I’m going through a period of change at the moment after being made redundant from my ‘day job’ so there’s been a fair amount of reorganising and sorting of my home office while I get into the head space I need to really get back rolling and on the job hunt.

I’ve got a notice board put up, a white board, my computer work station arranged and I’ve been rooting through drawers to make sure I have everything I need to work fully from home at the same time as having as comfortable and well appointed a writing nook as possible.

Now I’m sure that we’ve all done it at some point in our lives. We’ve been carrying out a big tidy or you’re moving house, and you stumble across things from back in the day and then we marvel at what was.

You find an old childhood toy that you may have loved in your younger years but may then not have seen in an absolute age and all of a sudden, you’re back with the younger mindset. The idea of ever being without this item and using it every day is a clear example of heresy. How can you ever be without it? Why did you stop using it?
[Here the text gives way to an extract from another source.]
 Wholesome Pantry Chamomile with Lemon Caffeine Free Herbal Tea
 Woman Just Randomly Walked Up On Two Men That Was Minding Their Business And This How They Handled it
Now I haven’t discovered any old toys as I’ve gone about my actions but one thing that has popped up is an old notebook where I’ve written down possible ideas for future books and it’s blown my mind.

There are threads in there going back to 2014 and I’d forgotten all about them. I’ve been reacquainted with some interesting ideas and most importantly, have been reminded just how creative my mind can be. There are ideas dealing with science fiction, with fantasy, and with horror, which could all become full novels if I put my mind to it and that collection of ideas takes me back to a time when my fire for writing was at it’s brightest.

When we hold up something from the past, we get the chance to reminisce to those days when we were younger and it’s great to just get a view of a time when we saw things being simpler.

But we can also rediscover something which we may not have known was diminished or missing. Suddenly we’re in a position to just hold up a lens from a different time to view todays situation and can sometimes give us the chance to remind ourselves of a time where we may have felt very differently. We can get a boost or an idea just from the colouring applied thanks to that old lens and our mind gets a kick start.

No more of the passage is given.